You can also use Microsoft ODBC and OLE DB text drivers to select and convert plain text data.
First, update the schema.ini
file using the make-ini command:
gsqlcmd make-ini test.txt schema.ini
Then, use the exec command to select data:
gsqlcmd exec test.txt "SELECT * FROM test.txt" test.csv
You can use SQL-supported features like WHERE or GROUP in these commands.
Parsing CSV
gsqlcmd allows you to extract data from CSV files and convert it to any supported output format.
Here are some useful formatting options:
/add=<header>=<value | function>[;...] /addRowNum /dateFormat=<format> /dateTimeFormat=<format> /escapeChar=<char> /noBOM /outputCodepage=<codepage> /outputCulture=<name> /[outputFormat=]asText | asTxt | asCsv | asHtm | asHtml | asXml | asJson /[[output]Separator](formatting-options.md#option-outputSeparator)=<separator> | Tab /quoteChar=<char> /rowNumBase=<integer> /timeFormat=<format>
For example, to add new columns like Symbol and Date, and convert the output file to UTF-8 encoding, use:
gsqlcmd convert test.csv test-65001.csv /outputEncoding=65001 /add=Symbol=AAPL;Date=Date()

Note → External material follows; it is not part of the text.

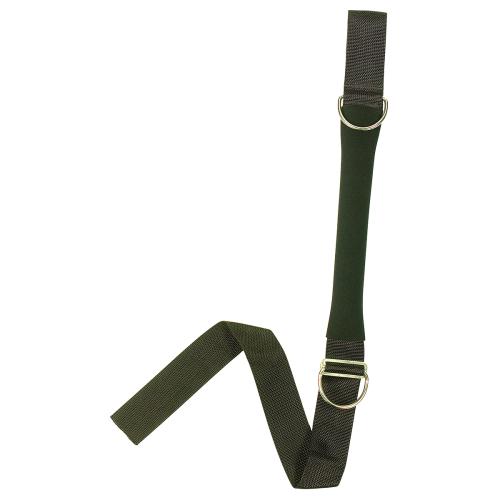 CROTCH STRAP - 2" W/ SS RING & PAD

You can also use Microsoft ODBC and OLE DB text drivers to select and convert CSV data.
First, update the schema.ini
file using the make-ini command:
gsqlcmd make-ini test.csv schema.ini
Then, use the exec command to select data:
gsqlcmd exec test.csv "SELECT 'AAPL' AS Symbol, :date AS [Date], * FROM test.csv" output.csv /set=date=Date()
You can use SQL-supported features like WHERE or GROUP in these commands.